# WORK TO COMPLETE
Nothing but the exact lines from the one containing "tesla volvio a" through the last line of the records below belongs in your answer.

# Dataset records
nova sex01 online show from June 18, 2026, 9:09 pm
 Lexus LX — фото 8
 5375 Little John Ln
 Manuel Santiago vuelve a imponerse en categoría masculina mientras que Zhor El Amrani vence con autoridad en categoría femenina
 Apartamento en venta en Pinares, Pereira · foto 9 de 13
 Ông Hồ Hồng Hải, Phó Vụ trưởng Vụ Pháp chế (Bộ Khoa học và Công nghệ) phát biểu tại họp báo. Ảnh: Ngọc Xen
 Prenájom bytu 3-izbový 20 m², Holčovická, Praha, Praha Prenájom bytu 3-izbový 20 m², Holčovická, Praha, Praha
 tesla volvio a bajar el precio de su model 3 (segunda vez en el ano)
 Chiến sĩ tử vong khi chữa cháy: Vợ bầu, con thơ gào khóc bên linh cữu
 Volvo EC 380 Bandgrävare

# PROBLEM SOLUTION
 tesla volvio a bajar el precio de su model 3 (segunda vez en el ano)
 Chiến sĩ tử vong khi chữa cháy: Vợ bầu, con thơ gào khóc bên linh cữu
 Volvo EC 380 Bandgrävare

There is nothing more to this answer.